Apple has been accused of false advertising in a second lawsuit over its Siri ads.

In March, we reported that a New York resident is suing Apple over Siri, the iPhone 4S's voice activated assistant feature, saying that it doesn't work as advertised. Now, a second complaint has been filed in the US District Court in Los Angeles, according to a report by The Register.

"Through its nationwide multimedia marketing campaign, Apple disseminates false and deceptive representations regarding the functionality of the Siri feature," reads the complaint, which was filed by California resident David Jones and is represented by David Bower, managing partner of the Los Angeles office of the civil-litigation law firm Faruqi & Faruqi LLP.

"Defendant's misrepresentations regarding the Siri Feature are misleading, false, reasonably likely to deceive and have deceived Plaintiff and members of the putative Class," says the complaint.

"Soon after purchasing his iPhone 4S, Plaintiff [Jones] discovered that the Siri Function did not work as advertised," the complaint reads. "For example, Plaintiff would ask Siri for directions to a certain location, or to pinpoint a business, and Siri either would not understand what the Plaintiff askes, or, after a long wait, provided the wrong answer."

Jones claims that this is not how the iPhone 4S's assistant is advertised, as demonstrated in the complaint by a quote from Apple's senior vice president of iOS software Scott Forstall's. In a promotional iPhone 4S video, Fortstall describes Siri as: "this amazing assistant that listens to you, understands you, can answer your questions and can even accomplish tasks for you. A lot of devices can recognise the words you say, but the ability to understand what you mean and act on it, that's the breakthrough with Siri."

The complaint also points out that Apple doesn't make it clear that Siri is in beta, leaving this information to the small print.

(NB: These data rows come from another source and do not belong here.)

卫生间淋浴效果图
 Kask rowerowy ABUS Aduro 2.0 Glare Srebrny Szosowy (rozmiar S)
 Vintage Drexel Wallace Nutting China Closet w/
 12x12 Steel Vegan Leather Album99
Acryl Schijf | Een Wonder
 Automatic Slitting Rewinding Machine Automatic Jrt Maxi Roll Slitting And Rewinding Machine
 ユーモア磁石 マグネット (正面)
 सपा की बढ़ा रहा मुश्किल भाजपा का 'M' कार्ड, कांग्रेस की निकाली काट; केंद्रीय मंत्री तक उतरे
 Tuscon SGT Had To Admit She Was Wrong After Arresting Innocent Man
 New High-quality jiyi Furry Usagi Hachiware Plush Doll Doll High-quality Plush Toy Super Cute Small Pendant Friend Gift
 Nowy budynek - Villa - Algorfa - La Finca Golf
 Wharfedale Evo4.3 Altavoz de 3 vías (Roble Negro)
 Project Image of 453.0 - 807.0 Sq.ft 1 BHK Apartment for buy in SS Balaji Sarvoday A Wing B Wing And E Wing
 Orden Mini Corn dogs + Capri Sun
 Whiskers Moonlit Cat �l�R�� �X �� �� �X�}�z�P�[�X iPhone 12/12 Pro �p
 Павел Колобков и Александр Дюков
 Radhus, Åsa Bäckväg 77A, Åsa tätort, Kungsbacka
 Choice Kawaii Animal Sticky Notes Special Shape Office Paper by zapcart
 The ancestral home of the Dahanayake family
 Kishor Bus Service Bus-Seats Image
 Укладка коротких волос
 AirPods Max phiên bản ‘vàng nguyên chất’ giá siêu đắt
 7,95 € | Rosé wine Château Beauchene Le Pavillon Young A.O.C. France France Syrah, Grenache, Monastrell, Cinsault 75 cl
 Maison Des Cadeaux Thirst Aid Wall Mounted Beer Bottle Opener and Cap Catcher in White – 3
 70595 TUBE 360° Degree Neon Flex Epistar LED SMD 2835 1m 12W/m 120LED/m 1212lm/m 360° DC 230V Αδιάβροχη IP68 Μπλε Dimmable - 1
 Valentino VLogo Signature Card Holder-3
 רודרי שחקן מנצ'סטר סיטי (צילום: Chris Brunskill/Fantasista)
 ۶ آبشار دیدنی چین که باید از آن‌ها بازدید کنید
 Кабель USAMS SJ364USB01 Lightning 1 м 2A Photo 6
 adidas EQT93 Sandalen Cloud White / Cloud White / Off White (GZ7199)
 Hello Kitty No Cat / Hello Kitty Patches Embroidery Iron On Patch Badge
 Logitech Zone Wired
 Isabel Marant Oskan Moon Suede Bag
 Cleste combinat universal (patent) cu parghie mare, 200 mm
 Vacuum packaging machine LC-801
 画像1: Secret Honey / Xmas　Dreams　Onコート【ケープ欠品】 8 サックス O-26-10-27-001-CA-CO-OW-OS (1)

It's not just residents that are complaining about Siri. Back in January, even one of Apple's co-founders, Steve Wozniak, said that Siri is going down hill. "I used to ask Siri, 'What are the five biggest lakes in California?' and it would come back with the answer. Now it just misses. It gives me real estate listings. I used to ask, 'What are the prime numbers greater than 87?' and it would answer. Now instead of getting prime numbers, I get listings for prime rib, or prime real estate," he said.